Your assignment: Leave the images aside and copy out the whole listing, exact to the word.
****************************************
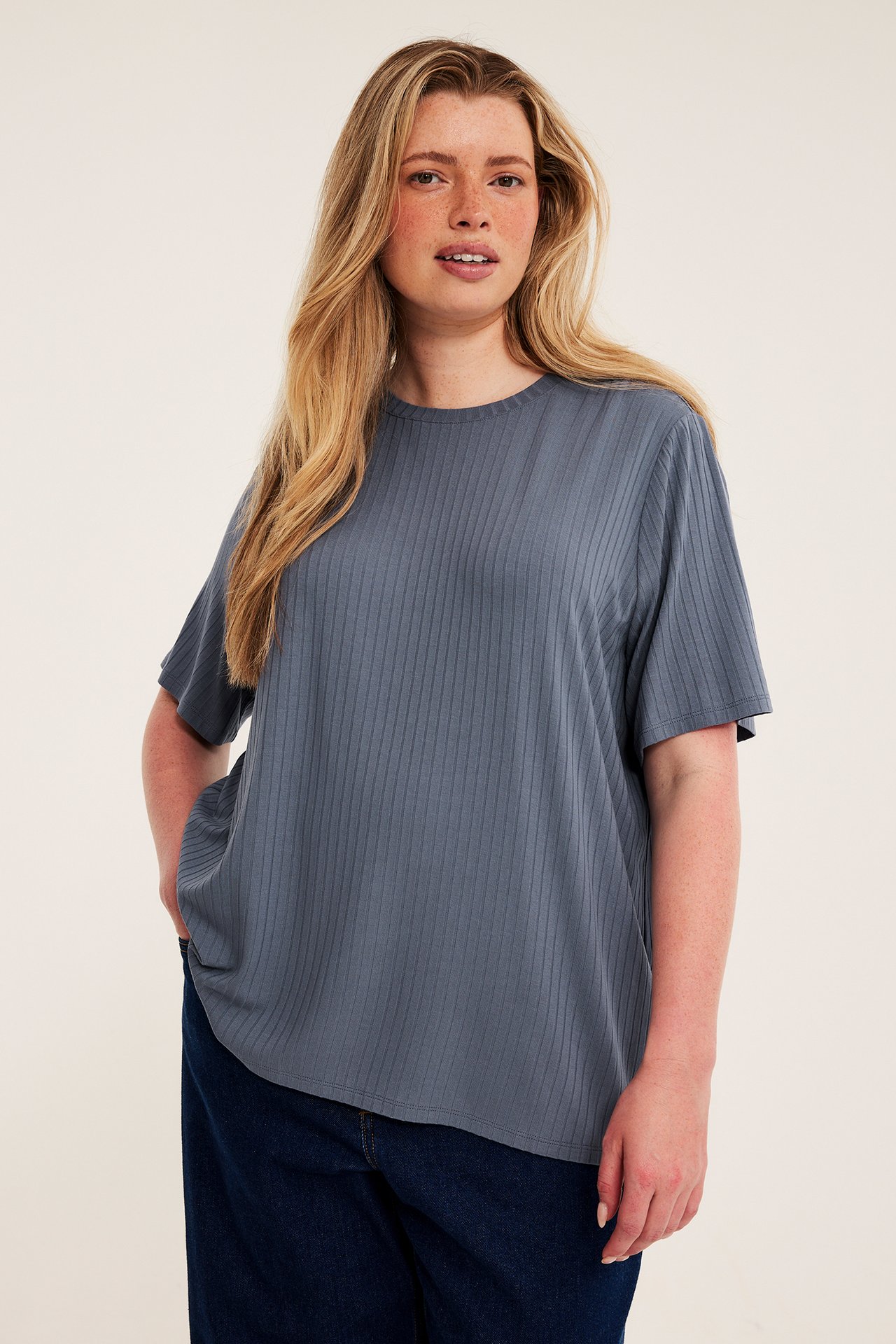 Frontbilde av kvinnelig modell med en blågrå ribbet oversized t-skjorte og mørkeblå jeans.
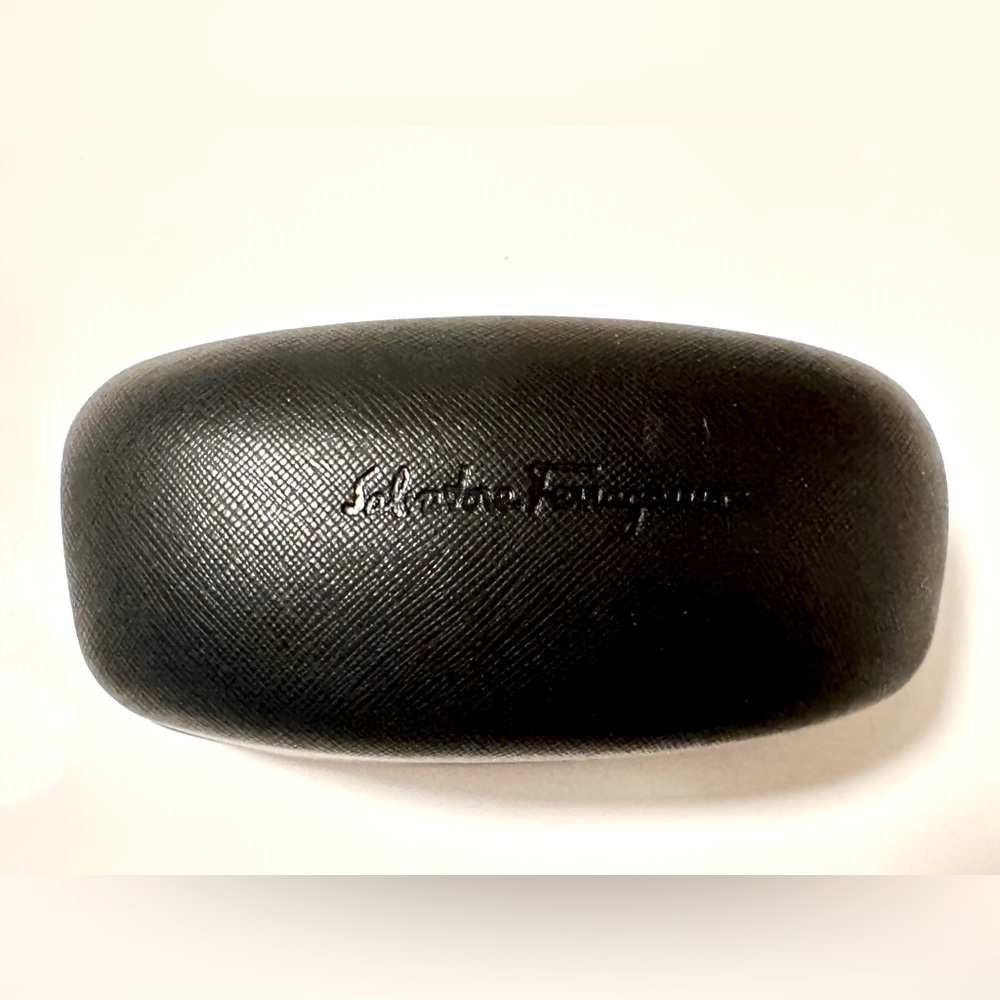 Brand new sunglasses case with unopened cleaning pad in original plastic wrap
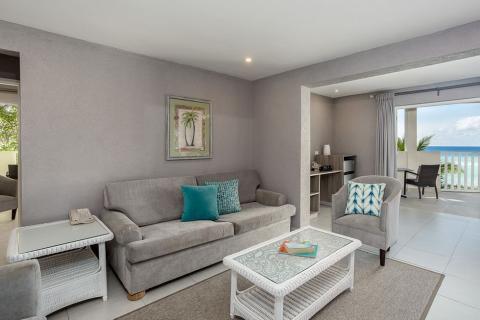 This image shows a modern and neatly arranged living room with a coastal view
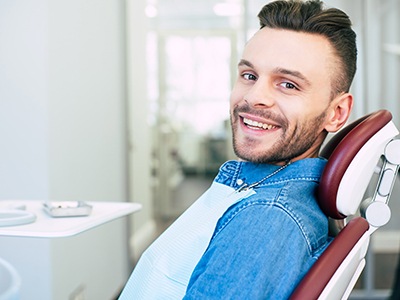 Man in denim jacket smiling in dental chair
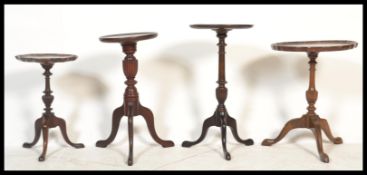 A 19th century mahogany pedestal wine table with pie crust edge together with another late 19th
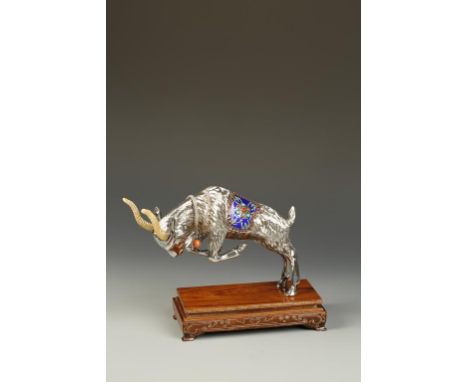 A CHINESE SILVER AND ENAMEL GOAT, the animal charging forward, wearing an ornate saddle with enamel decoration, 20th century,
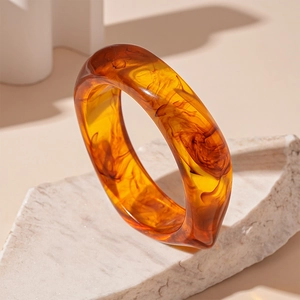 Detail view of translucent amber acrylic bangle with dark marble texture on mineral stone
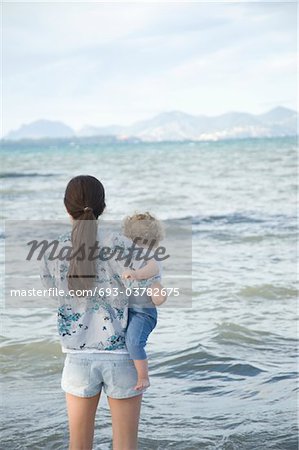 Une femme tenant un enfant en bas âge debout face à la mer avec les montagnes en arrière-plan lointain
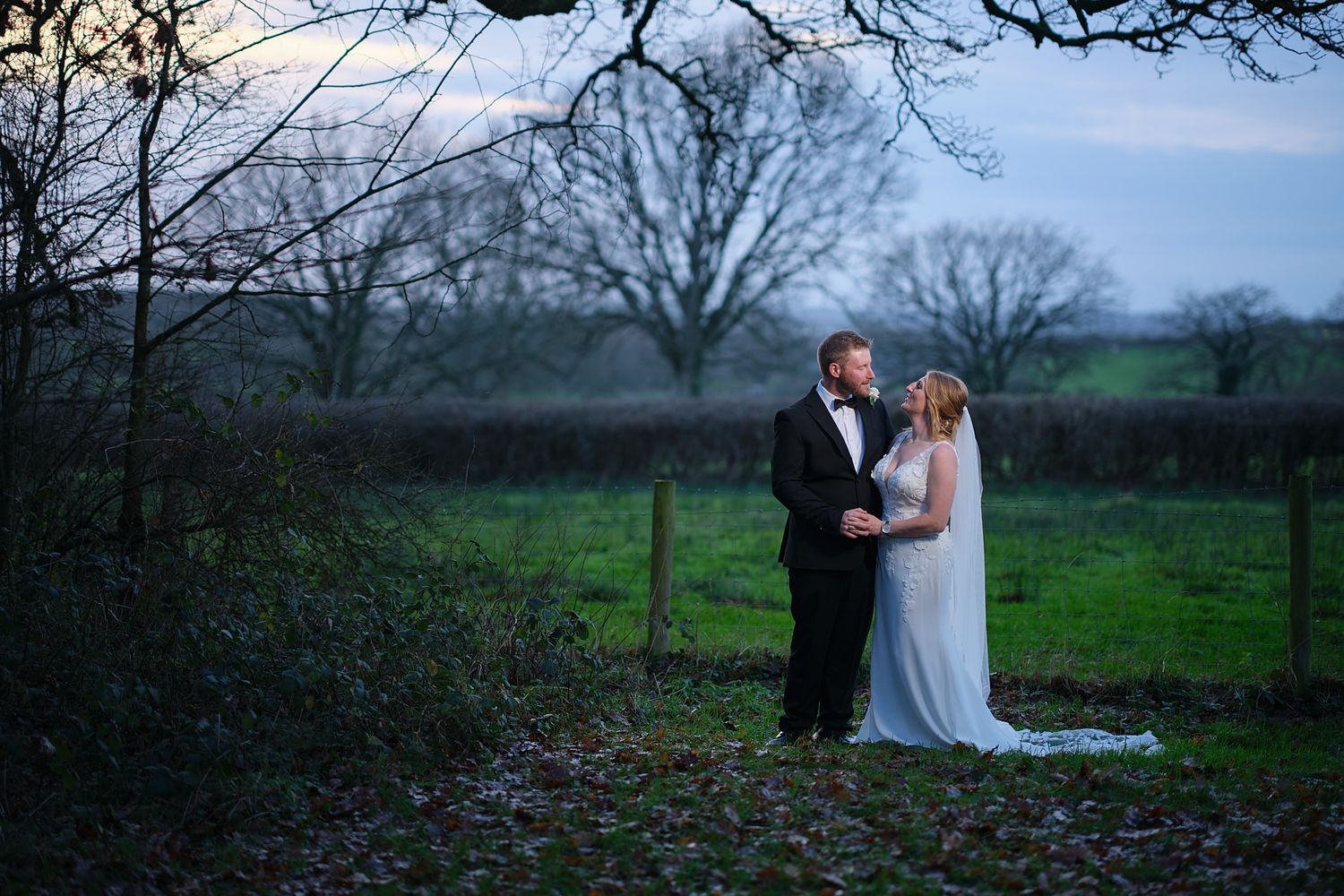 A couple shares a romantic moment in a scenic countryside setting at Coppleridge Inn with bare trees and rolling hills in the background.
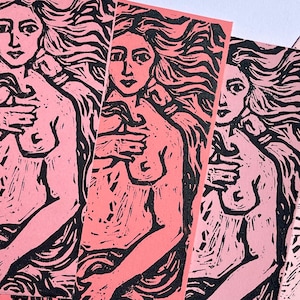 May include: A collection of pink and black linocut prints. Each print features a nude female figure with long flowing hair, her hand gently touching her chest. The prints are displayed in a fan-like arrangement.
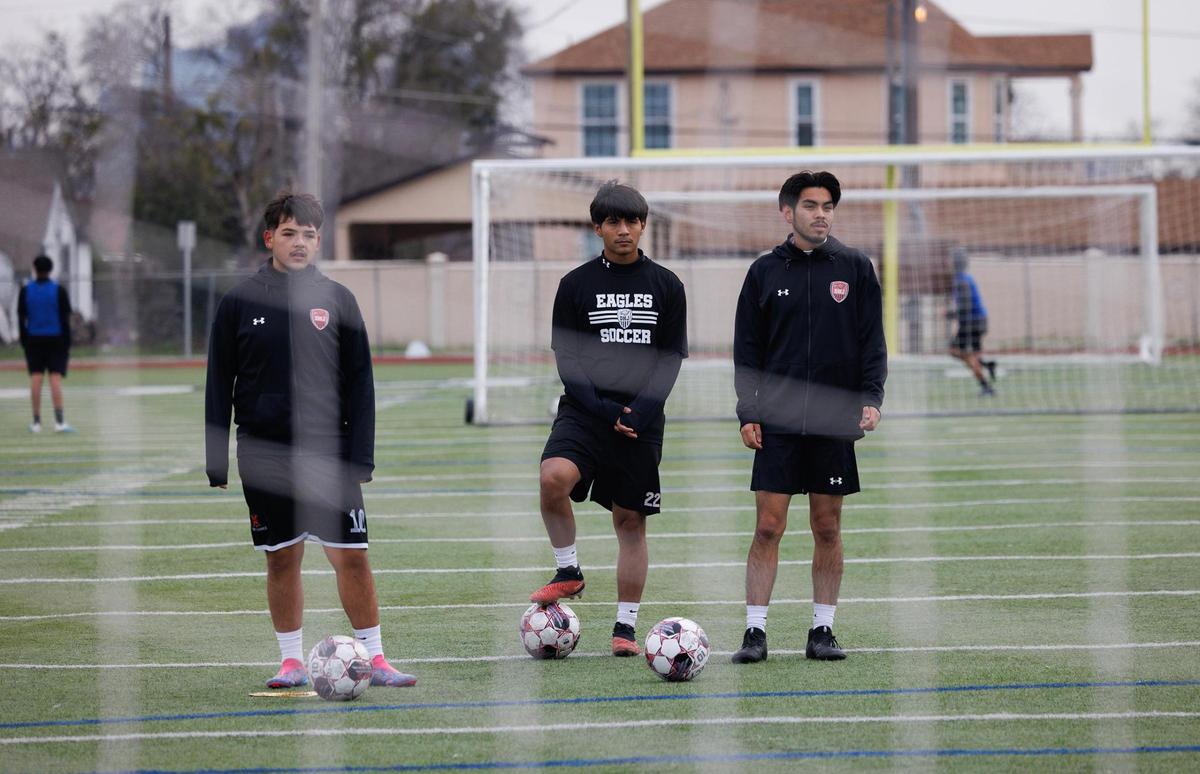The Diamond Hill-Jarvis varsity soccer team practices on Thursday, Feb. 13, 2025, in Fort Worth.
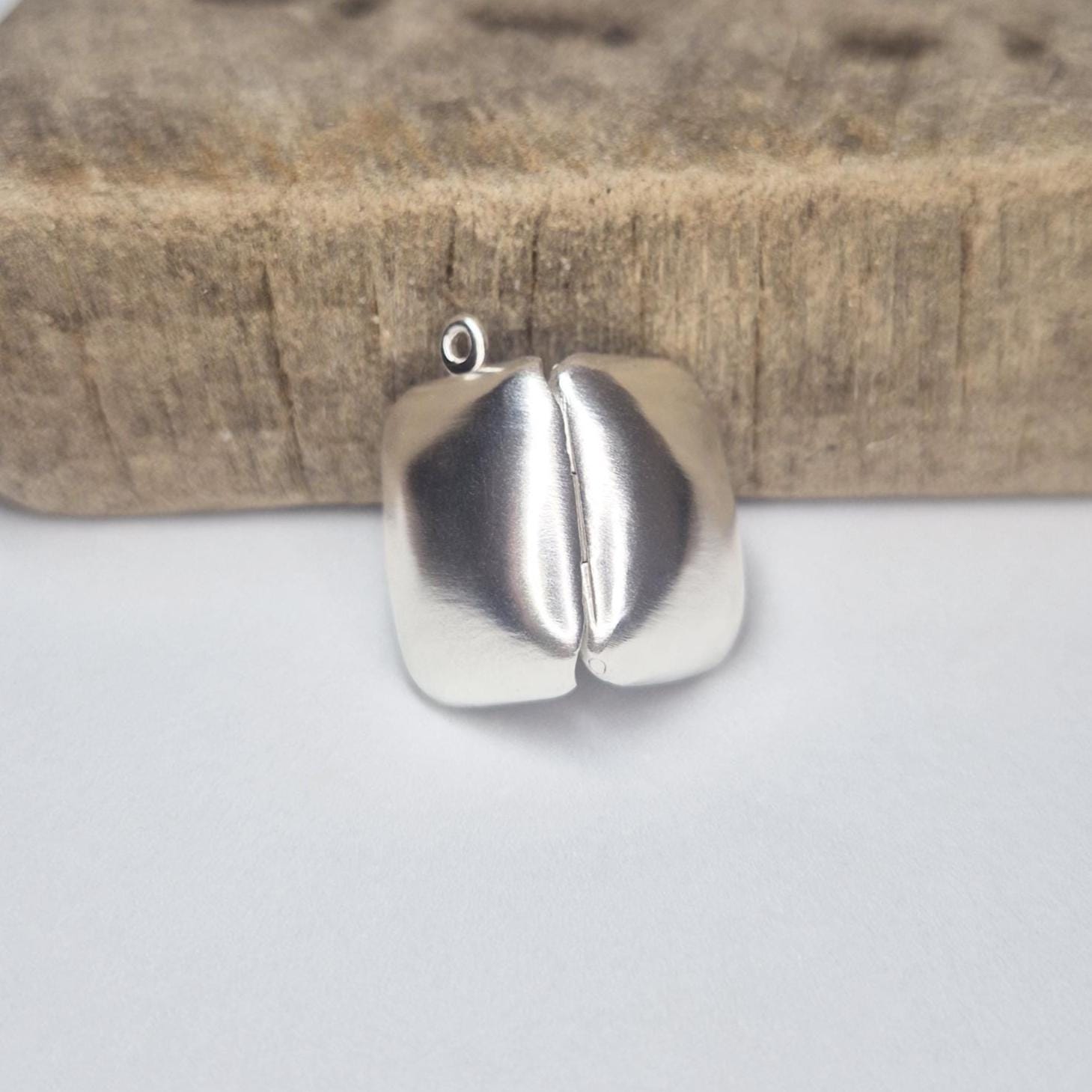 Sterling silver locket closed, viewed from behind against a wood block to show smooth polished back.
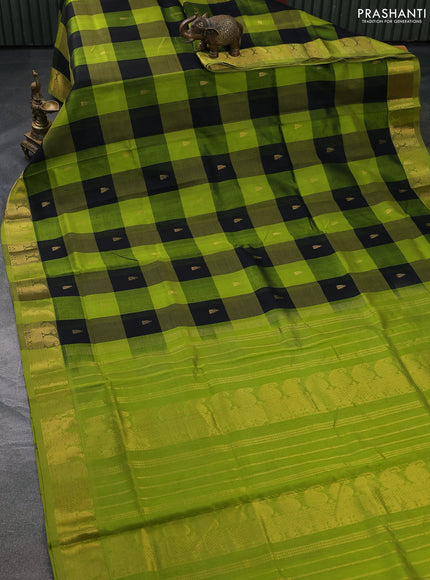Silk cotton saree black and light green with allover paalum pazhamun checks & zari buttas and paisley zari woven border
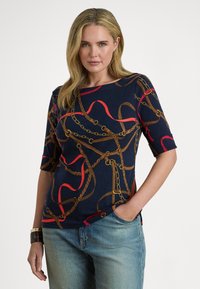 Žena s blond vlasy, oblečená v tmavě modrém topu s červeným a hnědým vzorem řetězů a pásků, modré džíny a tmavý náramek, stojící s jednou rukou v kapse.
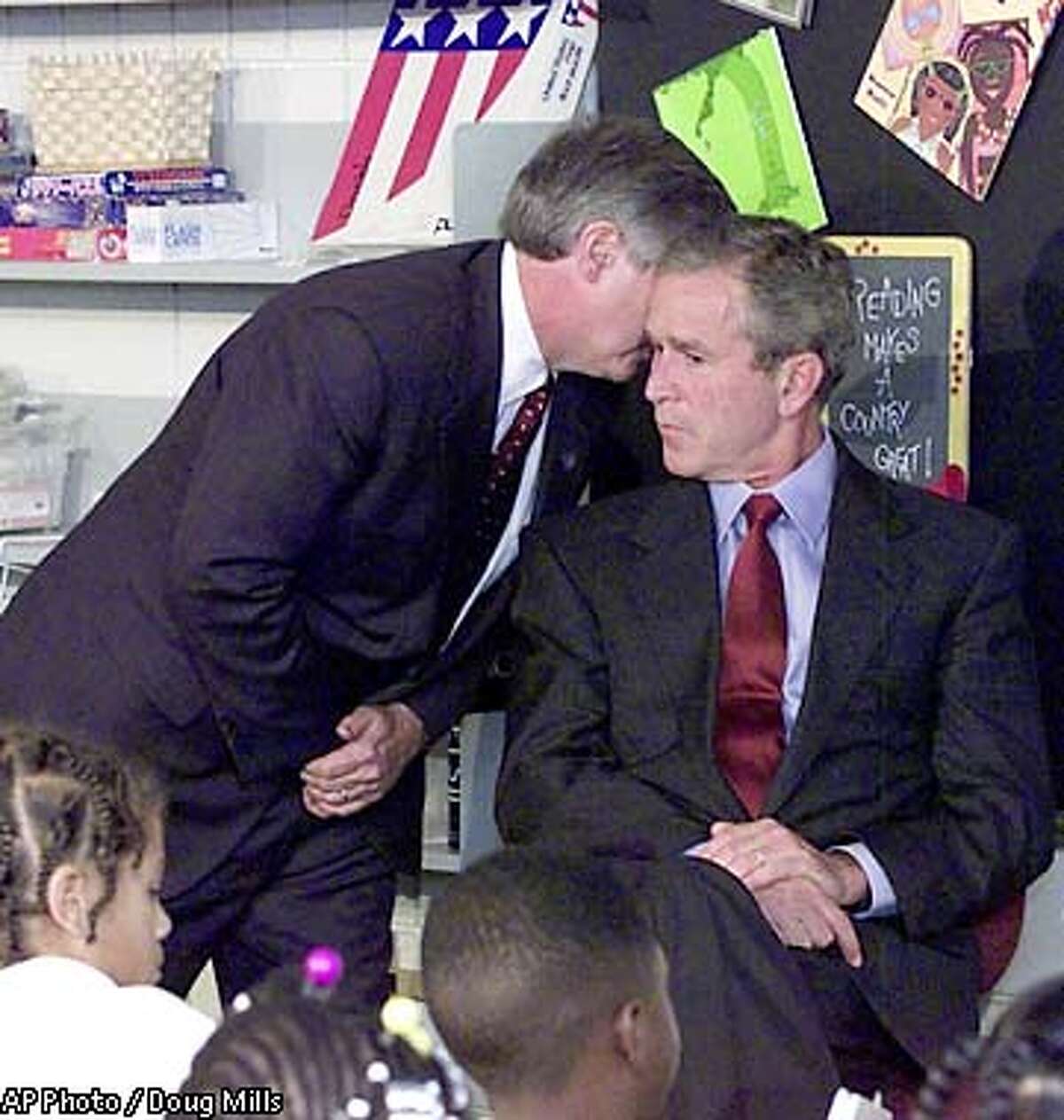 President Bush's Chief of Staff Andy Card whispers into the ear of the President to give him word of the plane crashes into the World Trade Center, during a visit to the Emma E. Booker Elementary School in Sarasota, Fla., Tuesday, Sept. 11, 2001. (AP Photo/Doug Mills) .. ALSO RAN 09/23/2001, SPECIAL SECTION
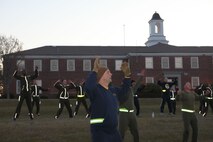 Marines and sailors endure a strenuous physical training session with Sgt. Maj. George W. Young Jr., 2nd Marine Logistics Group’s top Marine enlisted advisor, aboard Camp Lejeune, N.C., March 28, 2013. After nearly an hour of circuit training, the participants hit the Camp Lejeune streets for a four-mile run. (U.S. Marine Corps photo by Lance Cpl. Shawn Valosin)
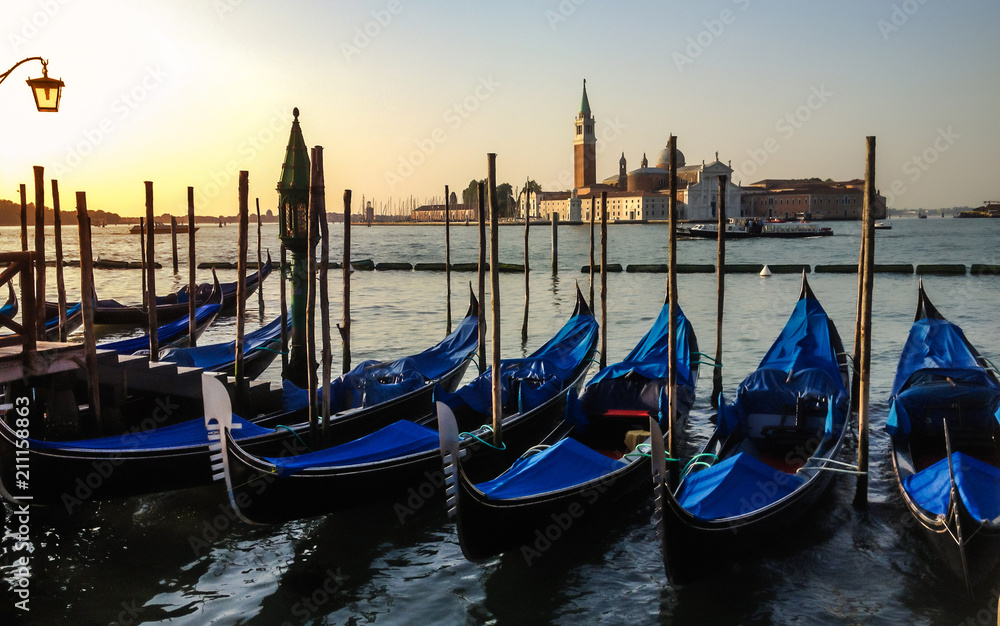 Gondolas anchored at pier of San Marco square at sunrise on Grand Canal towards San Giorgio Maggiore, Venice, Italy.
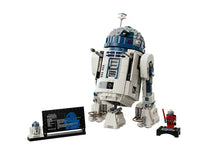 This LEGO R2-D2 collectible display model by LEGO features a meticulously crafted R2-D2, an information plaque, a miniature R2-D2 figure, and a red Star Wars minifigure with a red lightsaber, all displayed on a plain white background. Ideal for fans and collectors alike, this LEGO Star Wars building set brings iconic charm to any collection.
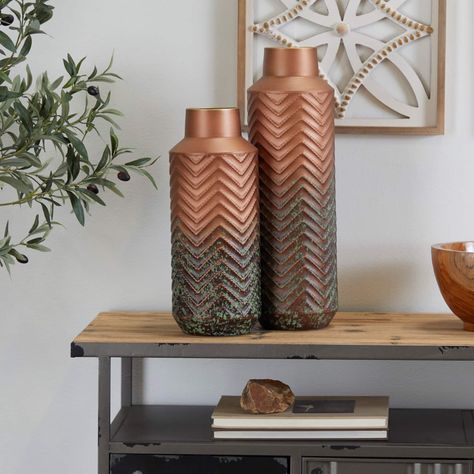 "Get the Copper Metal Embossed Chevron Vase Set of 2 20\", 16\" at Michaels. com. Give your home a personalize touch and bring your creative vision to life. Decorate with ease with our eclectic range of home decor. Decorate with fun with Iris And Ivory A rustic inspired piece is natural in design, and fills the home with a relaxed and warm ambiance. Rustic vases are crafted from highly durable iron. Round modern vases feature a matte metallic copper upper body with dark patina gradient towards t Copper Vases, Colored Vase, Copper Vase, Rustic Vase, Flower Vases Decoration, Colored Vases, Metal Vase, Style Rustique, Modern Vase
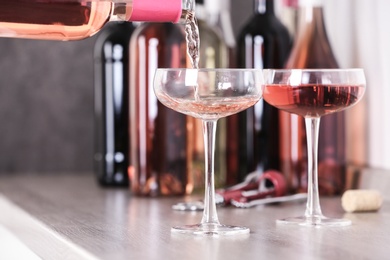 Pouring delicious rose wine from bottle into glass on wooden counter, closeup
****************************************
Answer to the problem:
 Frontbilde av kvinnelig modell med en blågrå ribbet oversized t-skjorte og mørkeblå jeans.
 Brand new sunglasses case with unopened cleaning pad in original plastic wrap
 This image shows a modern and neatly arranged living room with a coastal view
 Man in denim jacket smiling in dental chair
 A 19th century mahogany pedestal wine table with pie crust edge together with another late 19th
 A CHINESE SILVER AND ENAMEL GOAT, the animal charging forward, wearing an ornate saddle with enamel decoration, 20th century,
 Detail view of translucent amber acrylic bangle with dark marble texture on mineral stone
 Une femme tenant un enfant en bas âge debout face à la mer avec les montagnes en arrière-plan lointain
 A couple shares a romantic moment in a scenic countryside setting at Coppleridge Inn with bare trees and rolling hills in the background.
 May include: A collection of pink and black linocut prints. Each print features a nude female figure with long flowing hair, her hand gently touching her chest. The prints are displayed in a fan-like arrangement.
The Diamond Hill-Jarvis varsity soccer team practices on Thursday, Feb. 13, 2025, in Fort Worth.
 Sterling silver locket closed, viewed from behind against a wood block to show smooth polished back.
Silk cotton saree black and light green with allover paalum pazhamun checks & zari buttas and paisley zari woven border
 Žena s blond vlasy, oblečená v tmavě modrém topu s červeným a hnědým vzorem řetězů a pásků, modré džíny a tmavý náramek, stojící s jednou rukou v kapse.
 President Bush's Chief of Staff Andy Card whispers into the ear of the President to give him word of the plane crashes into the World Trade Center, during a visit to the Emma E. Booker Elementary School in Sarasota, Fla., Tuesday, Sept. 11, 2001. (AP Photo/Doug Mills) .. ALSO RAN 09/23/2001, SPECIAL SECTION
 Marines and sailors endure a strenuous physical training session with Sgt. Maj. George W. Young Jr., 2nd Marine Logistics Group’s top Marine enlisted advisor, aboard Camp Lejeune, N.C., March 28, 2013. After nearly an hour of circuit training, the participants hit the Camp Lejeune streets for a four-mile run. (U.S. Marine Corps photo by Lance Cpl. Shawn Valosin)
 Gondolas anchored at pier of San Marco square at sunrise on Grand Canal towards San Giorgio Maggiore, Venice, Italy.
 This LEGO R2-D2 collectible display model by LEGO features a meticulously crafted R2-D2, an information plaque, a miniature R2-D2 figure, and a red Star Wars minifigure with a red lightsaber, all displayed on a plain white background. Ideal for fans and collectors alike, this LEGO Star Wars building set brings iconic charm to any collection.
 "Get the Copper Metal Embossed Chevron Vase Set of 2 20\", 16\" at Michaels. com. Give your home a personalize touch and bring your creative vision to life. Decorate with ease with our eclectic range of home decor. Decorate with fun with Iris And Ivory A rustic inspired piece is natural in design, and fills the home with a relaxed and warm ambiance. Rustic vases are crafted from highly durable iron. Round modern vases feature a matte metallic copper upper body with dark patina gradient towards t Copper Vases, Colored Vase, Copper Vase, Rustic Vase, Flower Vases Decoration, Colored Vases, Metal Vase, Style Rustique, Modern Vase
 Pouring delicious rose wine from bottle into glass on wooden counter, closeup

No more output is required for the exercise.